I also have been watching a lot of TV lately because I get up early, watch two hours and go to work. It's mostly (well, actually basically only) library DVDs and specifically - The Simpsons and Modern Family which got another hold on them so I had to cruise through them. I swore I wouldn't put Simpsons Season 5 on hold for another week so I can clear my schedule and watch them all, since the same thing seems to happen. Plus I love the Simpsons and was super pleased to find out the library has up to almost 17 seasons! I guess I'll be busy for a while...
I also watched So I Married an Axe Murderer last night for the first time. Liked it :) Feel more cultured lol.
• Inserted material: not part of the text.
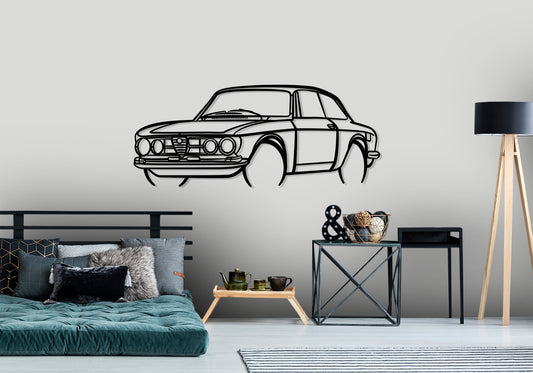 1969 Alfa Romeo Giulia 1750 GTV - Front Angle Silhouette Metal Wall Art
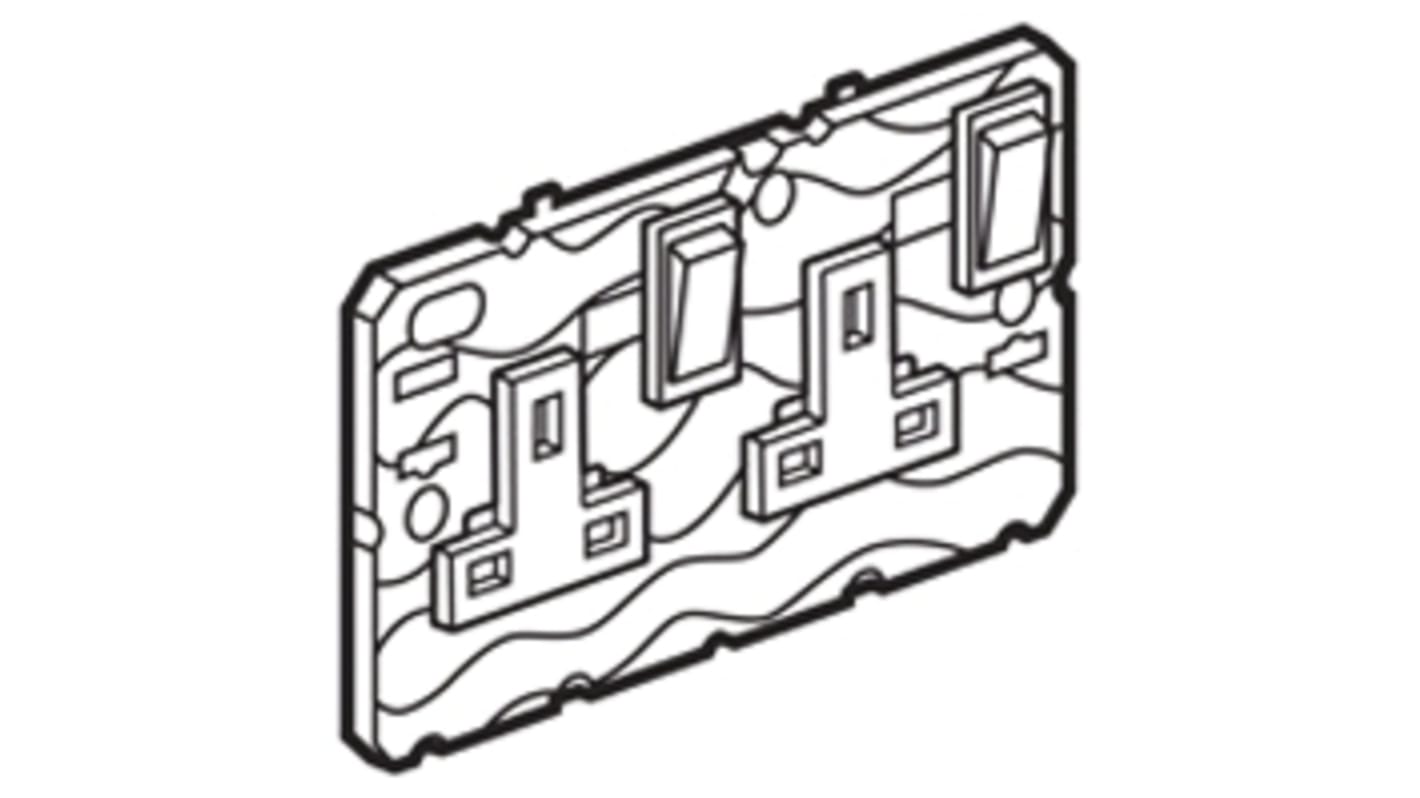 Legrand 2 Gang Plug Socket, 13A, Type G - British, Indoor Use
My dad quoted it often when I was growing up.

Other than that, dinners and food and budget are stressing me out, but I won't go too much into detail about that. Tonight is our first vegetarian meal from my meatless book and I hope it goes well :)
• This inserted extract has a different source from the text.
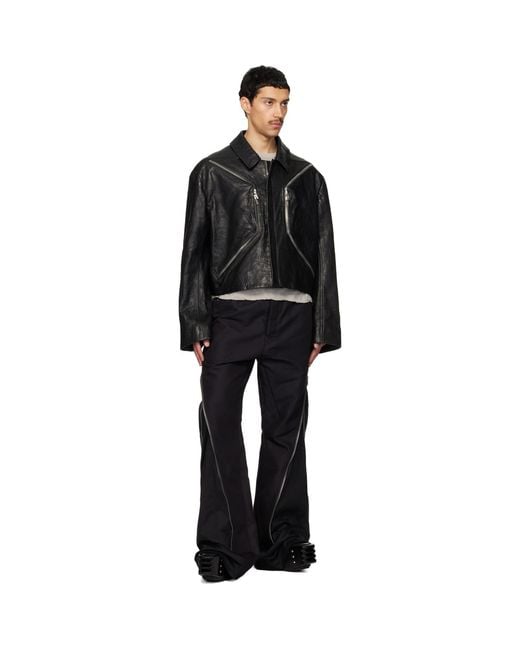 Rick Owens Black Temple Heizer Mac Leather Jacket for men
Actually the biggest news currently on my mind is finding a new D&D player. I've been searching since my brother is leaving soon. My friend Sylph is interested, but she's leaving before my brother even is so it turns out now I'm probably gonna host her for a couple games til she leaves. And Atlantean and I both had impressions/thoughts to invite a girl I met once in the play that we had to quit. I'll give her a name.... Naiad. (Not to be confused with Dryad - different friend) She seems pretty up to it and I appreciate that. I did a Facebook shout out and didn't like the results as well, and I'd love to start up a game with some girls. Hopefully Aos Si won't be shy about it... So I'm excited for that, but I better have my campaign together... speaking of which I need to make Sylph's character... Exciting! The guild is gonna change! Also Brownie is coming down for the summer, so maybe we'll draft her!
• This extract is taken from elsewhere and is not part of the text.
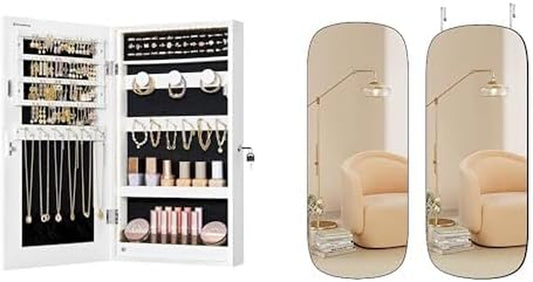 Mirror Jewelry Cabinet Armoire with Built-In LED Lights and Mirror, Arched Wall Mirror Full Length, UJJC050W01 and ULFM010B01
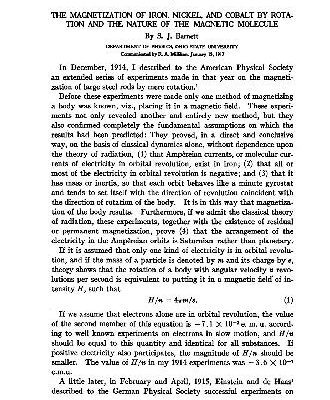خرید و دانلود نسخه کامل کتاب The Magnetization of Iron, Nickel, and Cobalt by Rotation and the Nature of the Magnetic Molecule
What else, what else. The book I'm reading is incredibly good. It's called Clan of the Cave Bear and apparently it was very popular in it's day. I can see why. It's good!

Nothing much else :/ Atlantean and I already spent our fun money at the beginning of the month. Wolfman's been coming over recently, brought Atlantean a meal, chilled out with us one night playing a game on my computer while I made dinner for the both of them. Also - I ironed things today! I was so glad to find out that our iron actually works. When I first tried it it didn't heat up and I got worried we'd have to buy another. And I have a sick kitty, so I locked her in the bathroom with her litter box and food because I heard her starting to throw up and apparently Atlantean found two this morning. So we'll keep her in there til the tummyache passes.

The things Atlantean and I spent our fun money on were board games - me on an expansion for Mysterium (which really is pretty cool!) and him on a DC deck-building game he's been eyeing for a while. So I left a note on the bedroom door that says "Come In, Cutie ;)" and then I left this for him:


Lol. Atleast I can leave him some surprises. Hopefully with many more to come.